BEGIN PROVIDED INFORMATION
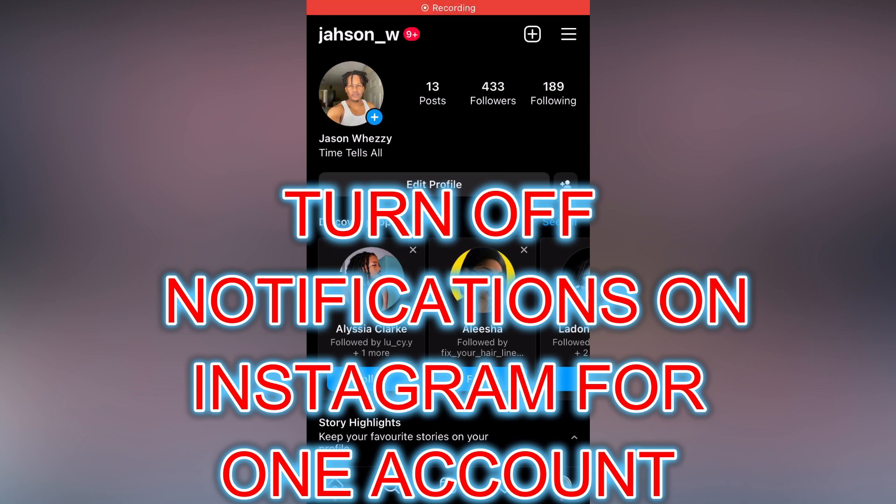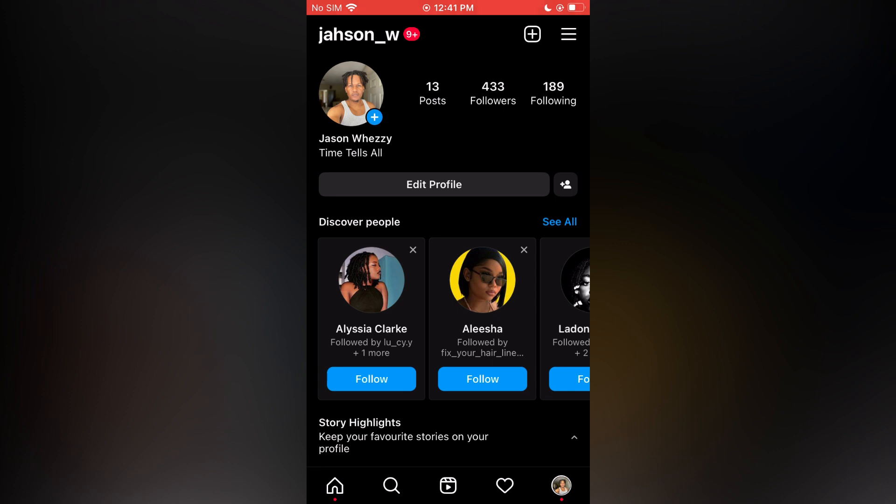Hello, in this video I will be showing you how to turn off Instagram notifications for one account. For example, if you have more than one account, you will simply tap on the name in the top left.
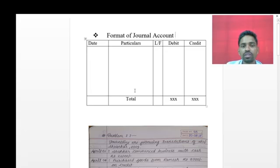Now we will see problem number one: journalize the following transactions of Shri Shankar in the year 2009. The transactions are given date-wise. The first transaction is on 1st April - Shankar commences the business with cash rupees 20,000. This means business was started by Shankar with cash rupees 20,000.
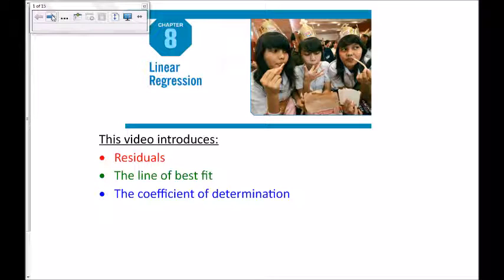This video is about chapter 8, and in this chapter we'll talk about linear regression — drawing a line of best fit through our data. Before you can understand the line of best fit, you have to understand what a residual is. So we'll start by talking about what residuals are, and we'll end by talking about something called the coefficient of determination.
END PROVIDED INFORMATION
BEGIN PROVIDED INFORMATION
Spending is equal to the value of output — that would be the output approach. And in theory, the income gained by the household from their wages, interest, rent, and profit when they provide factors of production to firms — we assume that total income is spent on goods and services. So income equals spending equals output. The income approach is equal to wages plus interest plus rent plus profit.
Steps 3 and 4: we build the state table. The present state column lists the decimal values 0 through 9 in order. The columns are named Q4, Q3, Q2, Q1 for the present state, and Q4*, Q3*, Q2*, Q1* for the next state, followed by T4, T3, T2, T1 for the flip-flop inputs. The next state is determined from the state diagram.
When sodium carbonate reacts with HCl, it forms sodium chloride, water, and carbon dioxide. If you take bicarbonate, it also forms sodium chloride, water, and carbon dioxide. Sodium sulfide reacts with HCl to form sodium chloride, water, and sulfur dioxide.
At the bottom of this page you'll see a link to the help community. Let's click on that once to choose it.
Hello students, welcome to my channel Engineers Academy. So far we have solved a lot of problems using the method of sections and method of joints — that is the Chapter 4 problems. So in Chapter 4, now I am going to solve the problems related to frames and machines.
END PROVIDED INFORMATION
BEGIN PROVIDED INFORMATION
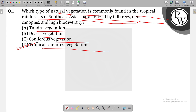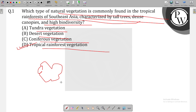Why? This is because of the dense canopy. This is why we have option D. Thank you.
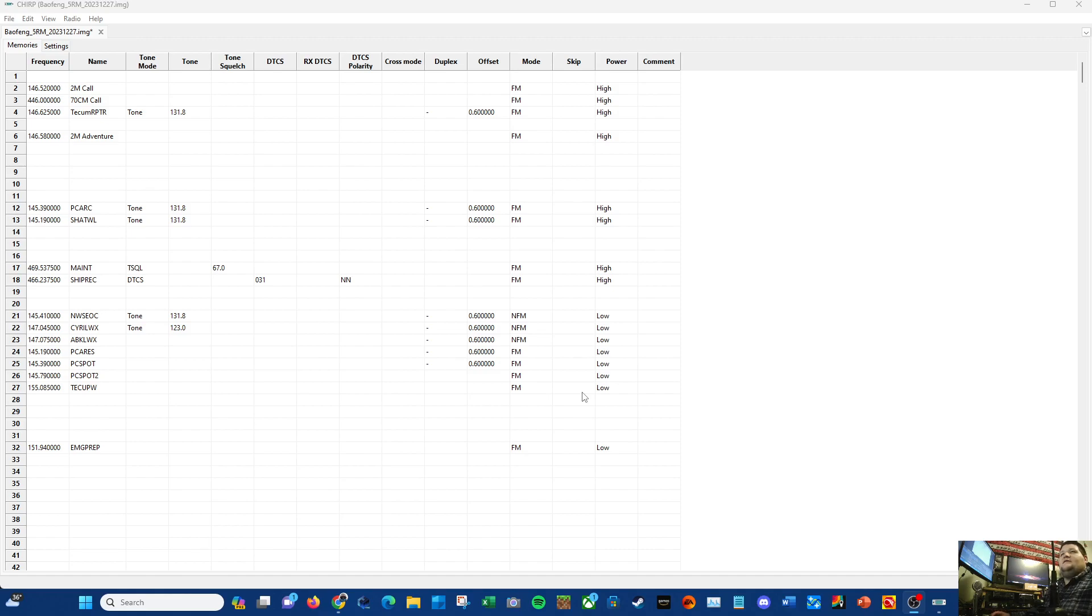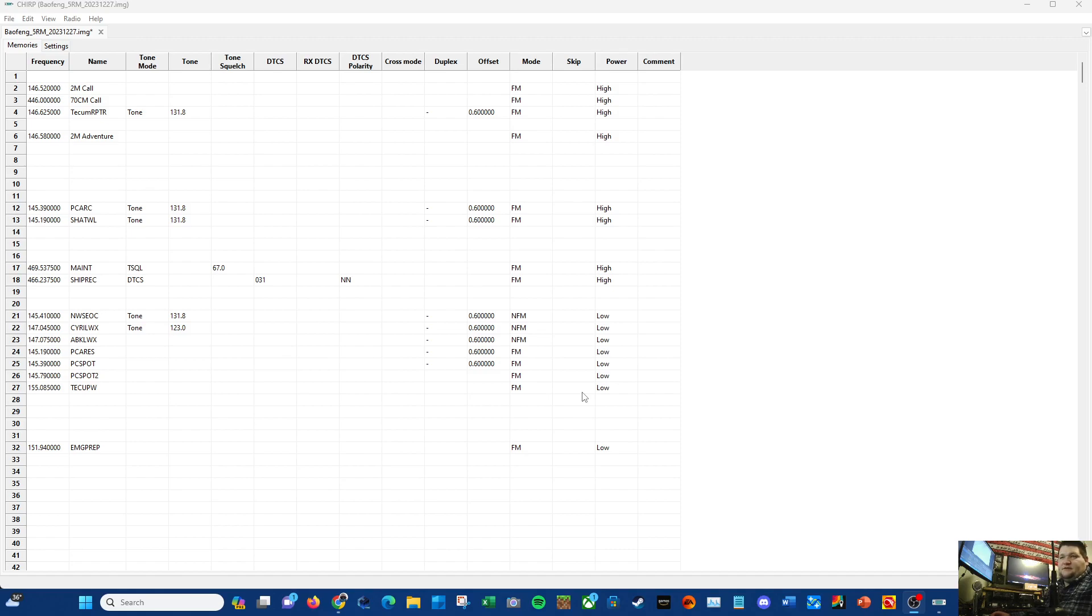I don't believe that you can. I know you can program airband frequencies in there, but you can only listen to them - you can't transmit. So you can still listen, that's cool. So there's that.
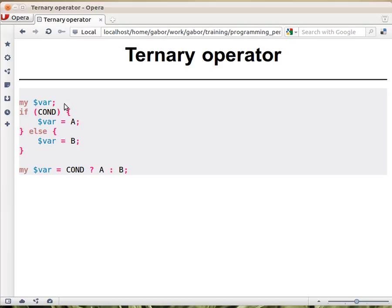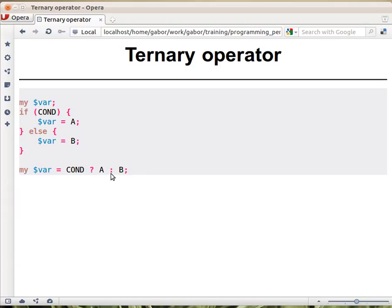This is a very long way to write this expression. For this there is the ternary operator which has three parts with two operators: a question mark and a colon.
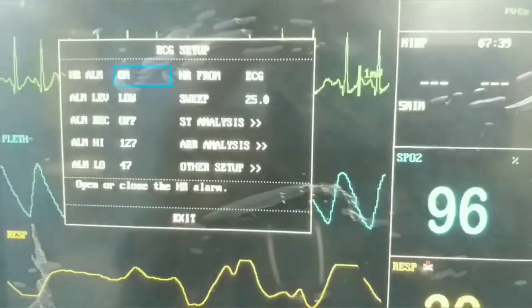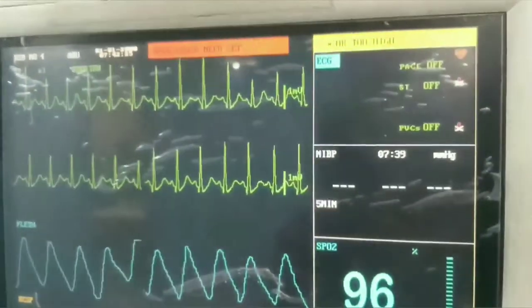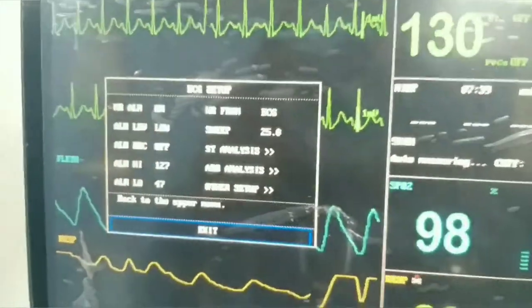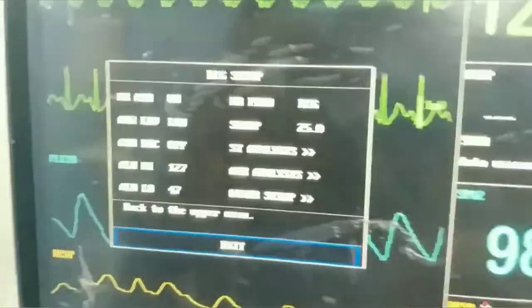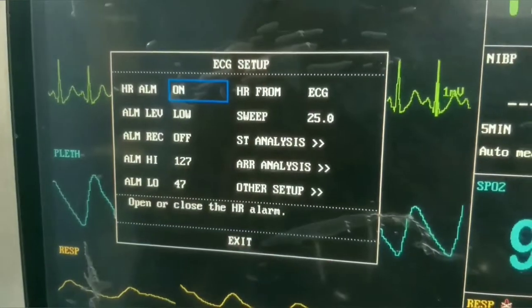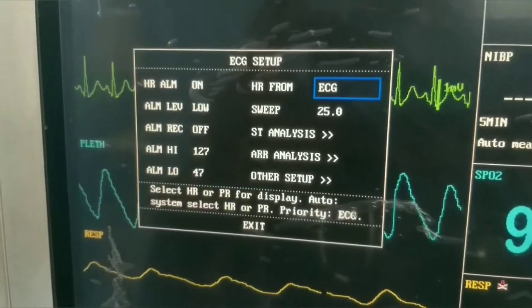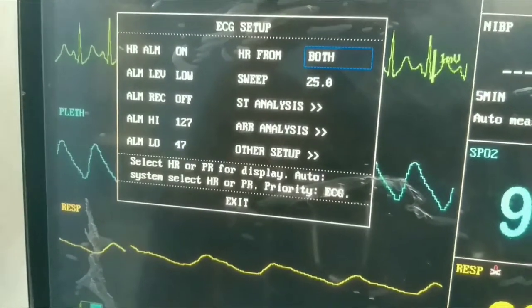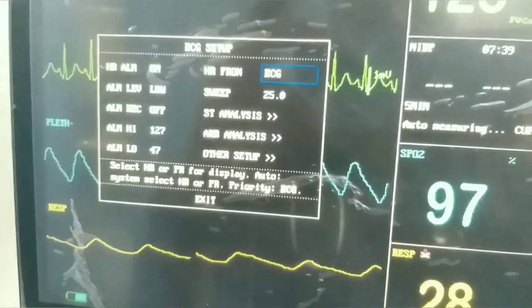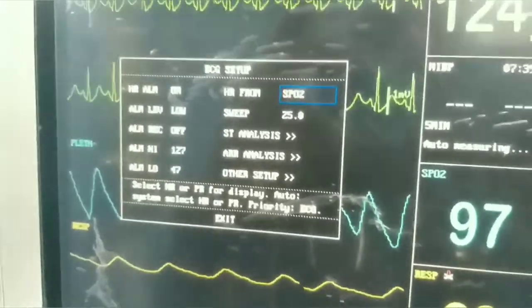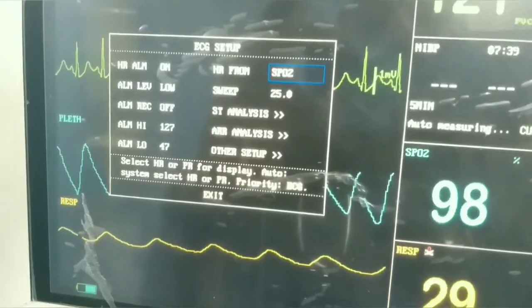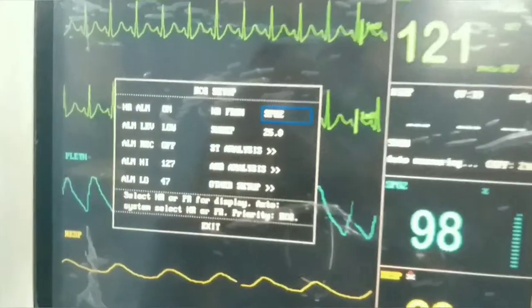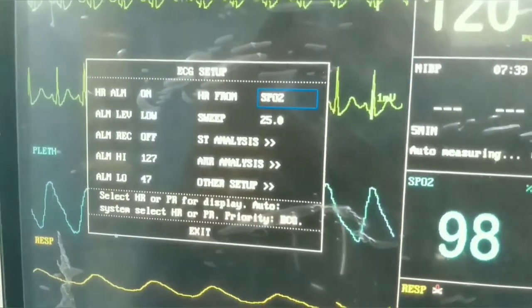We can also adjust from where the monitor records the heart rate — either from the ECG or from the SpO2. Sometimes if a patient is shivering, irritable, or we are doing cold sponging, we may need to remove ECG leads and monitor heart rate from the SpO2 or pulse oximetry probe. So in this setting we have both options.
END PROVIDED INFORMATION
Beginning at the line that has "Now we will" and ending at the line that has "This video is", restate the listing above word for word, pictures left out.

Now we will see problem number one: journalize the following transactions of Shri Shankar in the year 2009. The transactions are given date-wise. The first transaction is on 1st April - Shankar commences the business with cash rupees 20,000. This means business was started by Shankar with cash rupees 20,000.
This video is about chapter 8, and in this chapter we'll talk about linear regression — drawing a line of best fit through our data. Before you can understand the line of best fit, you have to understand what a residual is. So we'll start by talking about what residuals are, and we'll end by talking about something called the coefficient of determination.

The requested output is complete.